Recently, the California Court of Appeals, in the case of Association for Los Angeles Deputy Sheriffs v. Superior Court, 2017 WL 2962901, prohibited disclosure of the identities of officers on a so-called Brady list, identifying officers who have sustained allegations of misconduct involving moral turpitude or other bad acts relevant to impeachment. In Brady v. Maryland, the Unites States Supreme Court held that constitutional due process creates an affirmative obligation on the part of the prosecution to disclose all evidence that is exculpatory to a criminal defendant, including possible impeachment material for a government witness such as a police officer. Eleven years after Brady, the California Supreme Court held in Pitchess v. Superior Court, that a criminal defendant may discover information from a police officer’s personnel file, but that the criminal defendant must make an adequate showing that the information is relevant to their defense. In the case at issue here, the Los Angeles County Sheriff’s Department created a so-called “Brady” list of deputies whose personnel files contain sustained allegations of misconduct allegedly involving moral turpitude or other bad acts relevant to impeachment. The LASD proposed to disclose that list to the district attorney, as well as to other prosecutorial agencies that handle LASD investigations, so that prosecutors in individual cases could file Pitchess motions to discover the underlying misconduct or advise the defense of the disclosure so the defense could file its own Pitchess motion. The union representing the officers opposed disclosure of the Brady list and filed the action. The lawsuit sought an injunction that prohibits disclosure of the list or any individual on the list to anyone outside the LASD, including prosecutors, absent complete compliance with the Pitchess statutes described above.
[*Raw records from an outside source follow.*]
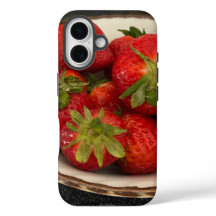 Frescas frescas frescas de jugo rojo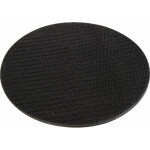 Support auto - agrippant pro 150 1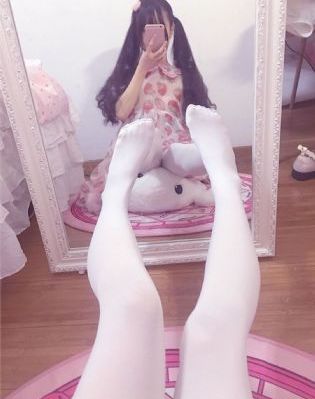 美女一级毛片久久久久_超清手机免费观看完整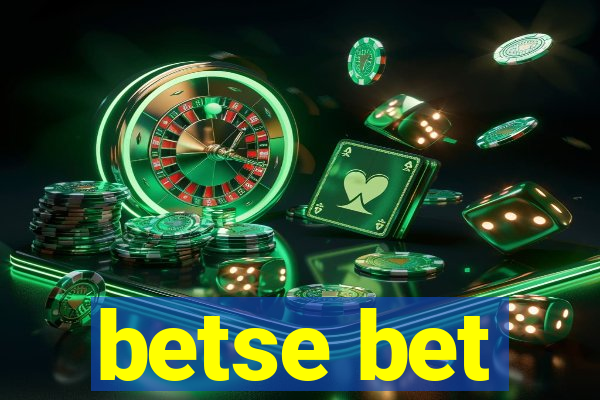 betse bet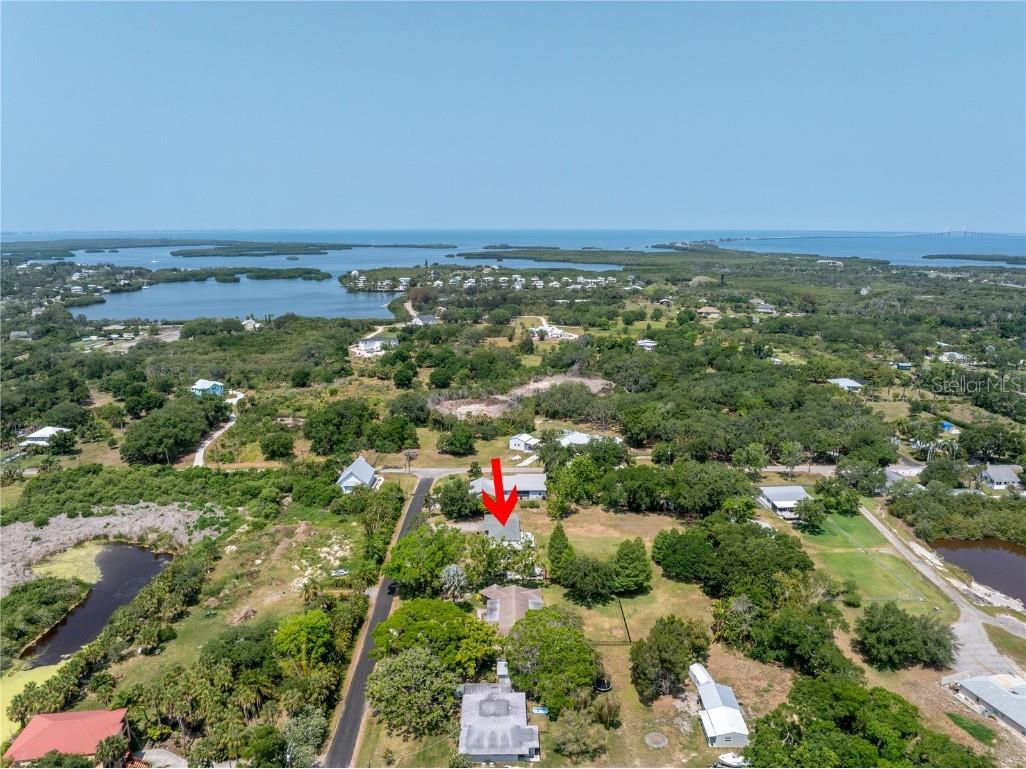 592 Ken Hubbard Road Terra Ceia FL 34250 TB8428013 image33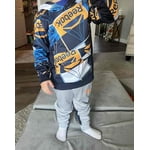 Image 5 of customer photos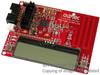 Dev Board, Msp430 Microcontroller; Silicon Manufacturer Olimex - 27W5262 - Newark, An Avnet Company
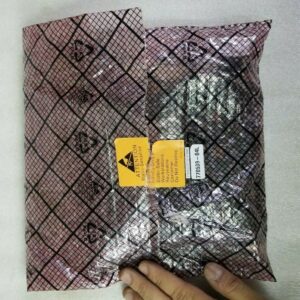 s-l1600-2012-1.jpg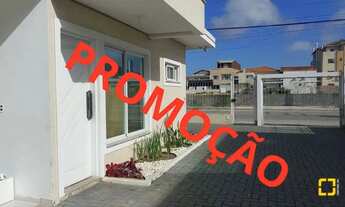 Imagem: Casa em Condomínio em Ingleses do Rio Vermelho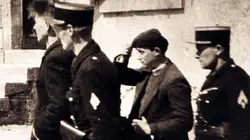 Des crimes presque parfaits Mis et Thiennot, coupables ou innocents ?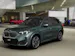 BMW X1 23d xDrive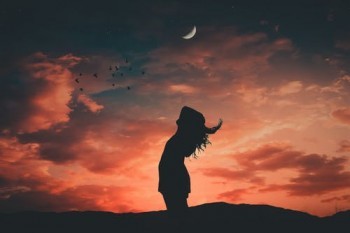 太平洋粉紅守護(hù)保險(xiǎn)怎么買？保障內(nèi)容有哪些？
The Court granted the union motion. It held that the ruling, imposed statewide, would materially change the way discovery of information from peace officer personnel records in criminal cases has been conducted for the past four decades. As a practical matter, it would require all state and local law enforcement agencies to notify prosecutors, on an ongoing basis as cases are filed, whenever an officer who is a witness has a founded allegation of misconduct in his or her personnel file relevant to veracity. Such a requirement would affect hundreds of law enforcement agencies and untold numbers of individual peace officers across the state. Based upon LASD personnel records, the proposed disclosure identifies the deputy by name and serial number and connects him or her to administratively sustained allegations of misconduct involving moral turpitude or other bad acts, without first requiring the criminal defendant to meet its burden of proving relevancy. The court also held that the prosecution has no obligation to search the law enforcement personnel files. Absent a successful Pitchess motion of its own, the prosecution has no right of access to and thus no constructive possession of personnel files or their content. The Court also made note that potential impeachment must be considered in light of the officer’s particular role in the case. “Not all ‘potential’ LASD witnesses in a criminal case, however, will be significant enough that impeachment information in their personnel files will be material, which Brady requires as a prerequisite to disclosure. For example, while the credibility of a homicide detective who obtains an unrecorded confession from a murder defendant would likely be a material issue at trial, that of a patrol deputy who simply arrests the defendant but otherwise generates no incriminating evidence likely would not be. In the latter situation, impeachment information in the deputy’s personnel file likely would not be material under Brady and thus there would be no disclosure obligation.”
The trial court was ordered to strike from the injunction any language that allows real parties or any of them to disclose the identity of any individual deputy on the LASD’s Brady list to any individual or entity outside the LASD, even if the deputy is a witness in a pending criminal prosecution, absent a properly filed, heard, and granted Pitchess motion, accompanied by a corresponding court order. Discovery in a criminal case is not intended to be a fishing expedition for criminal defense lawyers with an agenda to portray law enforcement in a bad light. After all the rule of law is meant to be both a sword and a shield, just ask St. Michael.